#### What the task asks:
Only the lines from the one containing "成都 海关截获 活体蚂蚁" to the end of the records belong in the answer; repeat them exactly and drop the pictures.

#### Input for this task:
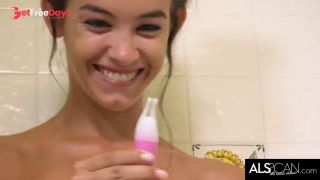 [GetFreeDays.com] Svelte Beauty Charity Crawford Cums Hard in the Shower Porn Clip February 2023-2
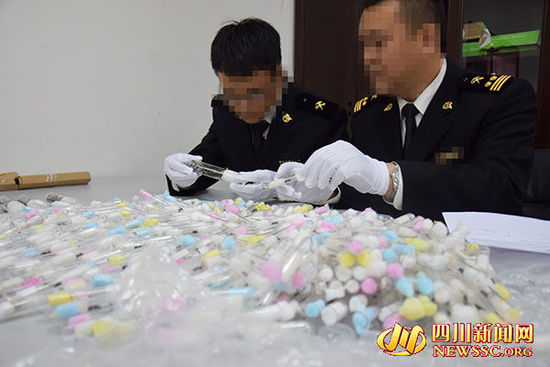  成都 海关截获 活体蚂蚁  暗藏于德国入境包裹内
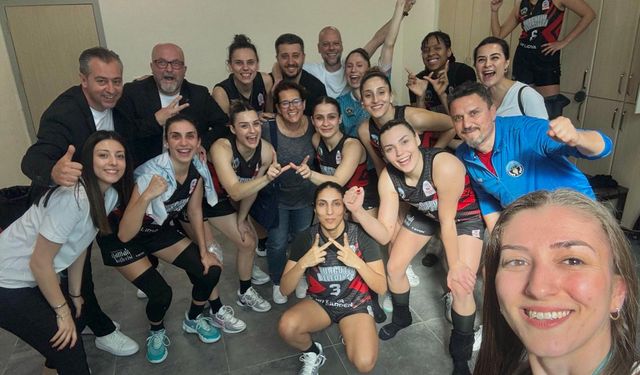 Turgutlu Belediyespor Kadın Basketbol Takımı yarı finalde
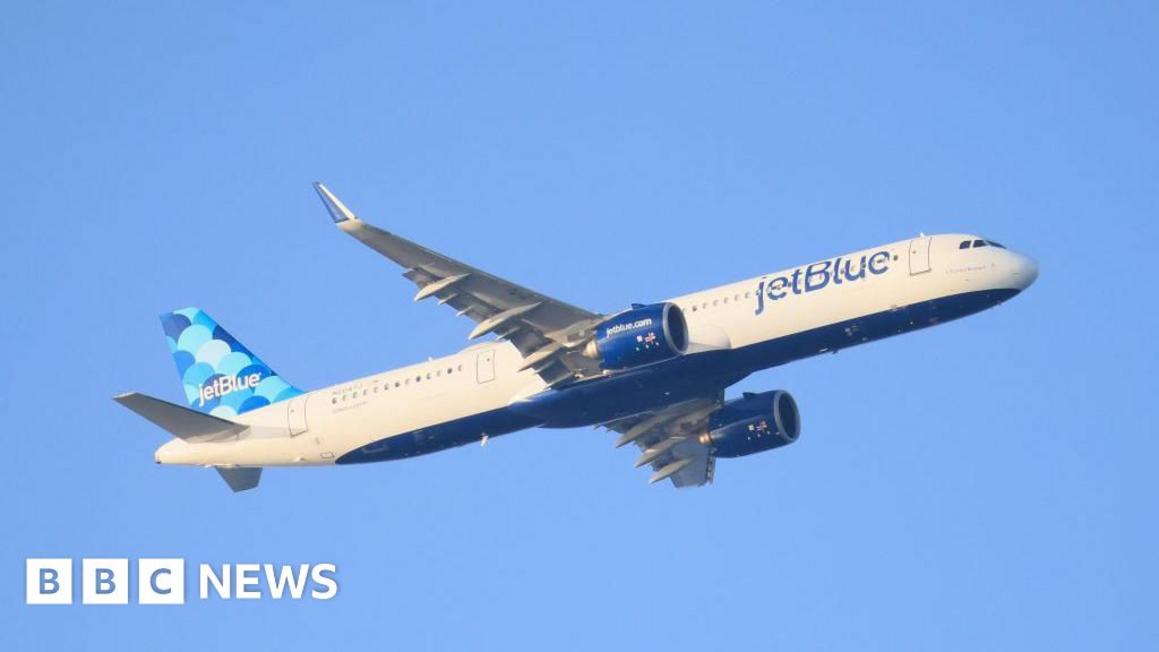 Phi công JetBlue tố suýt đụng trực thăng quân sự Mỹ gần Venezuela 1 b719fb00 d9d5 11f0 ba85 09c2975a5393
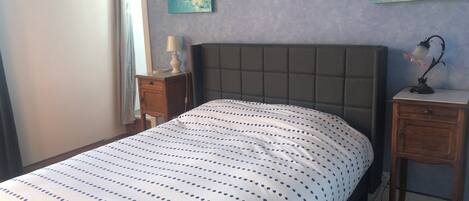 1 غرفة نوم ومكواة/لوح كي وواي فاي مجانًا وملاءات أسرّة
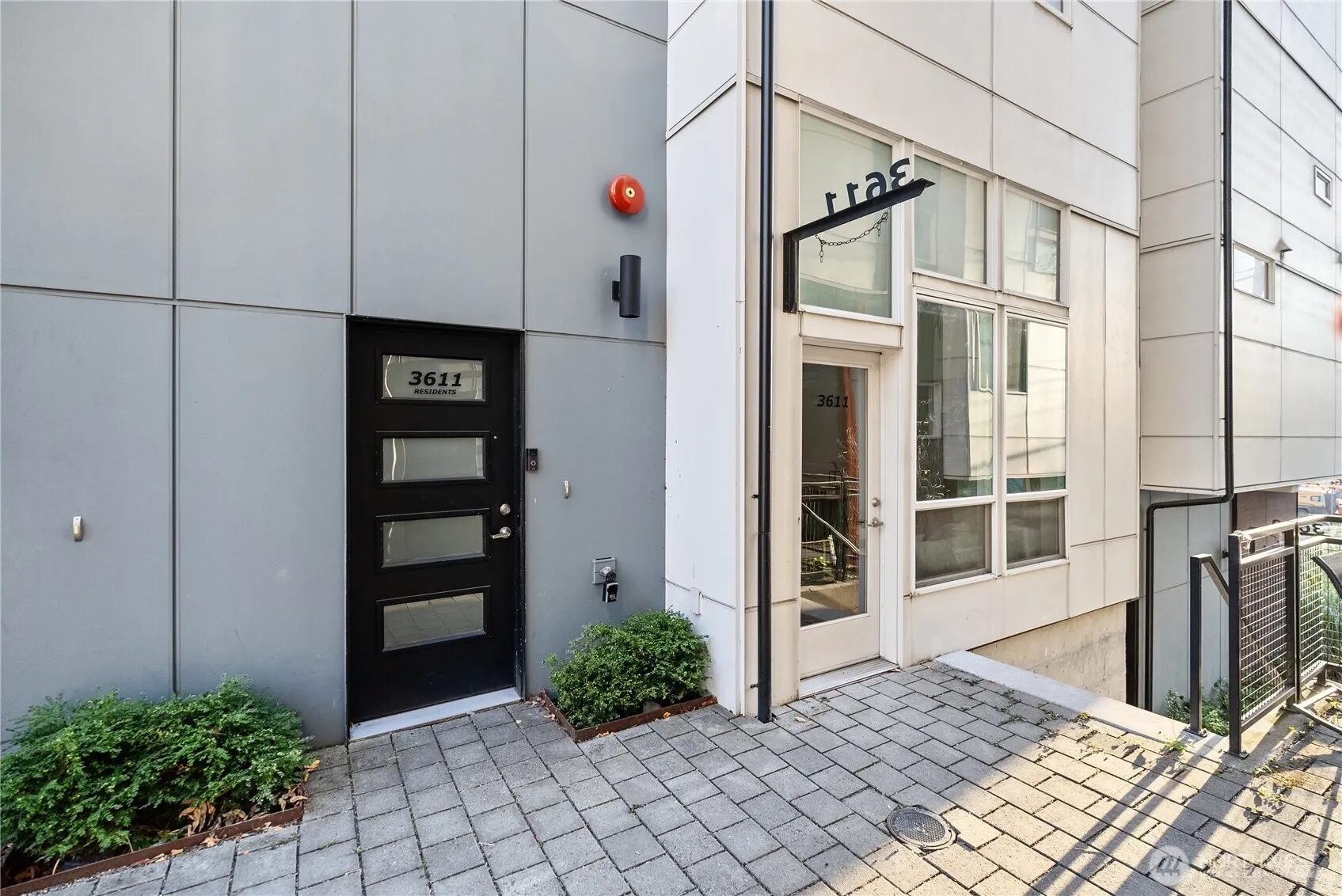 3611 2nd Avenue NW, Seattle, WA 98107-7912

#### Written reply:
  成都 海关截获 活体蚂蚁  暗藏于德国入境包裹内
 Turgutlu Belediyespor Kadın Basketbol Takımı yarı finalde
 Phi công JetBlue tố suýt đụng trực thăng quân sự Mỹ gần Venezuela 1 b719fb00 d9d5 11f0 ba85 09c2975a5393
 1 غرفة نوم ومكواة/لوح كي وواي فاي مجانًا وملاءات أسرّة
 3611 2nd Avenue NW, Seattle, WA 98107-7912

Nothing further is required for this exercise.